Re: word spam

(monier@pa.dec.com)
Tue, 16 Apr 96 21:26:45 -0700


Once in a while I need to pipe in and speak for my poor bad-mouthed robot and
search engine. It's one of these weeks.

For the last question about getting the content of a Perl script and not its
output: I don't know, ask the server! Someone published the URL, and the server
gave this back. I promise that we don't use out-of-work KGB psychics to get the
pages, just regular GET requests. And no crystal balls to guess URLs, just
following links...

As for the discussion about the "quality" of returns, the distribution of
responses has been wonderfully bimodal: those of us who think that what you get
should be a strong function of what you put in, and the rest (hmm) who believe
in magic. If a query is vague, say "computers", there are indeed tens of
thousands of pages matching the query, in the simple sense of containing the
word. Now the ranking can help some, but most of the returns will fall in very
crowded buckets of similar ranking, say that all pages with "computers" in the
title and mentionning "computers" often enough will all compete for top spot.

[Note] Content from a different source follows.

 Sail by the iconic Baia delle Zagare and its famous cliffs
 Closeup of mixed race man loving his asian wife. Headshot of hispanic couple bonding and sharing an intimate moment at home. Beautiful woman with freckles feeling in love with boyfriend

Now, what is the "right answer"? Well, if you believe that the game is to guess
the rest of the query in your head, only magic will do. If you think it's some
sort of reference page, Yahoo-style (not a criticism, they play a different
game, and certainly not to be exhaustive), it requires human intervention, and
this is not what search engines are about.
So the right answer is indeed to refine the query.

What's so hard about it?

--Louis